No, I didn't bring my camera.  Didn't think of it until we were well on the road.  No, didn't even take any pictures with my cell phone.  I'm both glad it's over (felt very self-concious) and thinking, ok, what next?  The book art on display in the next room takes so many forms, it does make me feel like I should keep working.  I keep saying I'm going to block out time every week, but that hasn't actually happened yet.

But the printmaking group near us has posted its spring class schedule...maybe this time I can actually go.

Wednesday, March 10, 2010

Whose Homework is it Anyway?

In 2nd grade in our town, the kids do a unit on their heritage.  Every family has to send in a list of what countries their ancestors are from, and the teacher picks one for the child to do research on.  JC did England, Rachel did Canada, and William got England again.

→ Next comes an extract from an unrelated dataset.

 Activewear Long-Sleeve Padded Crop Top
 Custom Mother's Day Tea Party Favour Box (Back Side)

The parts of the project have not changed much over the 7 years between JC and William.  There's an oversized postcard (actually, that one I don't remember with the other two, but that doesn't mean it didn't happen), where they have to create a collage of pictures from the country.  There's a family shield, which has to include country flags from all your claimed ancestors, pictures of your interests, a family picture, your last name in big letters, etc.  This has shrunk by about half over time, which isn't a bad thing.  And it now includes not only the outline of the shield, but specific areas for each section, and a fancy banner at the bottom for the name.  There used to be a lot less guidance and a lot more area to fill.

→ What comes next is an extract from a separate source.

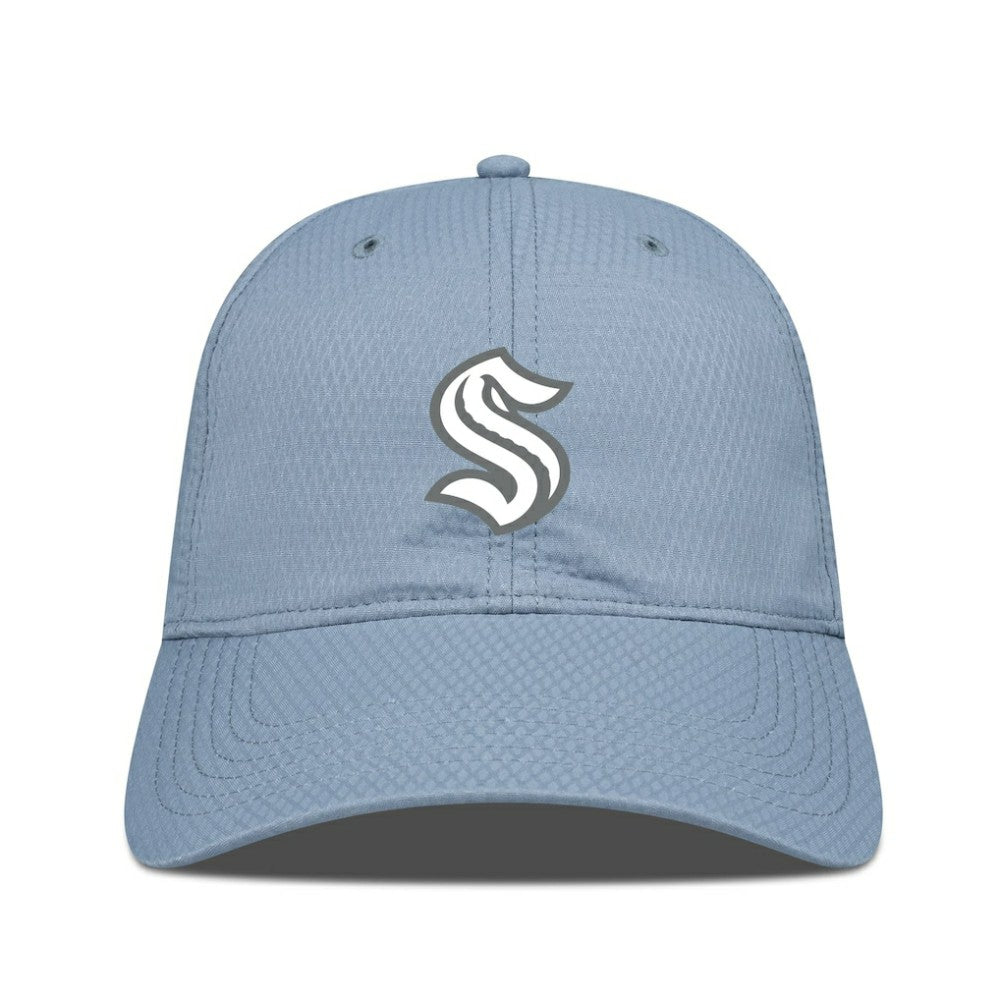 Seattle Kraken Levelwear Matrix Slate & Snow Unstructured Adjustable Hat Online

And there's the food for the "international festival".  We haven't gotten a notification about that part yet, but I'm assuming it's coming.  It's always the hard part for most parents.  Some countries are easy, in terms of characteristic cusine; we have lots of Italians in our area, and there's lots of choices for Italian foods and desserts.  England is a little harder, as most Americans don't associate the English with a particular cusine, or if they do, it's not necessarily a good association.  And I'm not making bangers & mash or fish & chips for a 2nd grade class.  The only fact that William has come home with from his research is that the English tend to call dessert "pudding".  And that there's one called spotted dog.  So I may try to come up with a pudding or trifle when the time comes.  Although bubble & squeak would be fun just for the name.

(The hard food was for Rachel.  Name a typical Canadian food (most people I asked said, "beer").  After some research (yay internet!) we came up with a Canadian cookie called a butter tart.  Very yummy, by the way, and I was looking forward to making them again.  Oh well.)

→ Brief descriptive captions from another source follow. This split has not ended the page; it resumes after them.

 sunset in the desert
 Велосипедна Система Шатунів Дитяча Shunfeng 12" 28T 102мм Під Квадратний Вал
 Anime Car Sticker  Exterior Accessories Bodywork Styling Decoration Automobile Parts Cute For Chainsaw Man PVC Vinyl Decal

But the thing you'll notice about all the projects is that they are impossible for a 2nd grader to do on their own.  I suppose if provided with magazines and such to cut up, they could pretty much handle most of the collages by themselves (except for the lettering, probably).  But I don't have magazines with pictures of England lying around, so we're stuck with the Internet again.  And the instructions specifically ask for parental help.  Ok, William and I did some Google image searches and he picked out which pictures to use with some guidance.  But in the process of printing them out, I realized it was more efficient to arrange them on a page to fill the space.  I was going to have him cut them out and glue them on the postcard when he said, "we allowed to print them right on the paper".  Oh.  Well, ok, I added a nice fancy font "England", and printed it right on the (letter-sized) postcard.

So far, all he's done is pick out the pictures (mostly) and I've done the layout and printing (and eventually the baking).  Does this mean I can pass 2nd grade?